Los niños entraban y salían del bar persiguiéndose, se detenían junto al padre un momento, pedían que les comprara un Frigopié o una bolsa de Ruffles. Se sentaban en la mesa un momento pero no tardaban en aburrirse: de nuevo la misma musiquita, una y otra vez. La moneda que cae, la melodía estridente mientras las frutas giraban, cada una a su aire, y el padre que las perseguía, incansable. Qué difícil era que se alinearan las tres, todas juntas, que se pusieran de acuerdo para hacer saltar la sirena ensordecedora del premio deseado, por fin, después de horas de ir introduciendo «solo una» para empezar, luego terminar el cambio que llevaba en el bolsillo, y ahora enviar a uno de los niños a cambiar el billete a la barra y tirarse así horas y horas, hasta gastarse el dinero previsto para lo que había que comprar ese día, nada que fuera urgente, pero luego el importe de la compra semanal sin poder pensar en la nevera vacía, los pañales del pequeño o la leche de farmacia. De pie, ahora apoyando el peso de una pierna, ahora en la otra, ahora ligeramente sobre la máquina, que al tacto era bien fría, ni le pasaba por la cabeza que ya se había dejado los próximos gastos extraordinarios, los libros de los niños, el grifo por arreglar. ¿Cómo iba a acordarse de esos extras si con lo que llevaba de constante búsqueda de la fortuna en las frutas endiabladas casi había dejado el alquiler del mes, el de este y el del próximo? A menudo, casi siempre, la máquina hacía honor a su nombre y le tragaba todas las perras, pero de vez en cuando saltaba el tintineo electrizante de la buena suerte y entonces las monedas llovían como oro, con un estruendo que se mezclaba con los gritos de alegría de los niños: ¡Viva, viva, somos ricos! Y al padre se le encendían los ojos por un instante breve porque enseguida volvía a pensar en perseguir el próximo golpe de fortuna.

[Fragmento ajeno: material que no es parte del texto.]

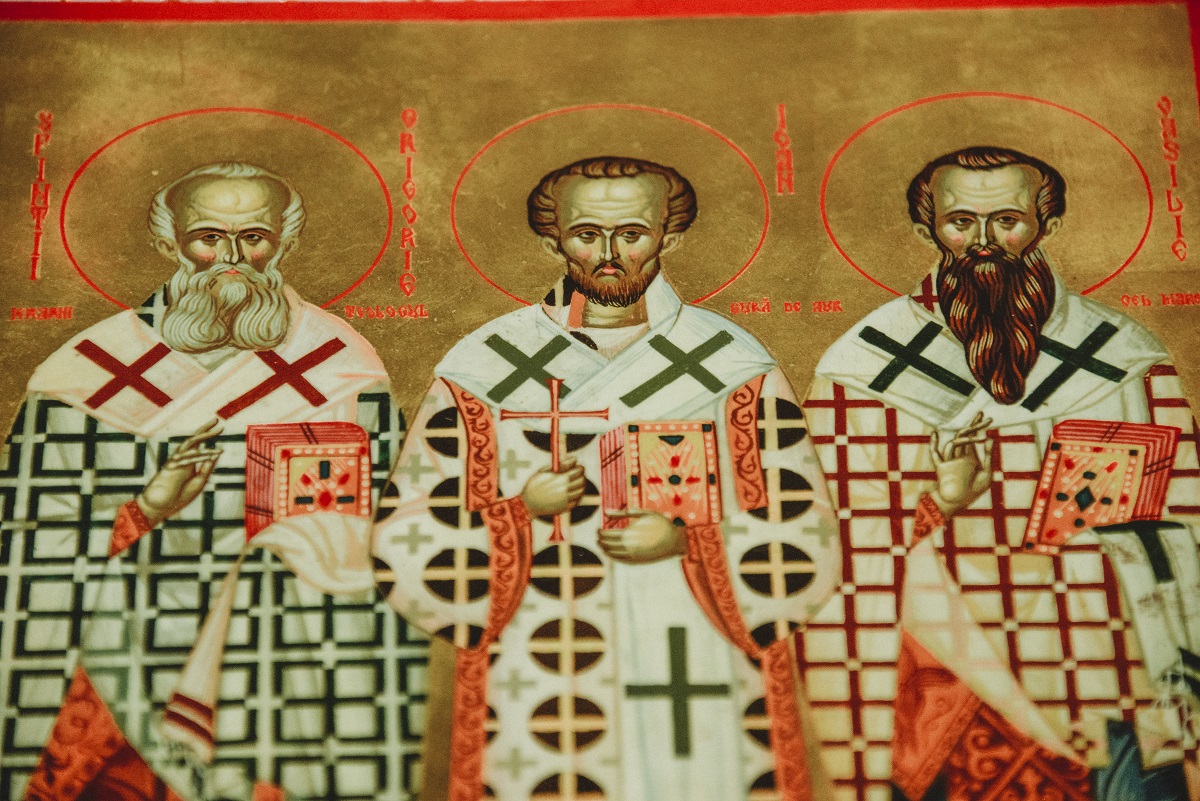 Hramul Facultății de Teologie din Iași, în prezența a trei ierarhi. Unui părinte profesor emerit i-a fost acordată distincția „Crucea Patriarhală”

¿En cuántos bares no se habrá repetido una y otra vez esta misma escena? La ludopatía no genera campañas públicas de prevención ni grandes alarmas sociales, de hecho se permite su publicidad, como no ocurre con el tabaco, pero es una lacra tan perjudicial como lo puedan ser el alcoholismo y la drogadicción. Y también tiene efectos colaterales.

Ahora se ve que son cada vez más jóvenes quienes se inician en el juego y terminan adictos. ¿Y nos extraña? Desde pequeños, los dejamos a solas con infinidad de maquinitas, juguetes aparentemente inofensivos que los van entrenando para un futuro en el que, móvil en mano, podrán, en la soledad de sus habitaciones, jugarse el dinero que no tienen.

La máquina tragaperras era visible, el pudor y los consejos de los que rodeaban al jugador aún podían hacerle disimular un poco la adicción pero ahora ya no necesitamos el estorbo del escrutinio público. Si incluso el carismático Carlos Sobera aparece en nuestros televisores cada noche y nos dice «juega, juega, juega».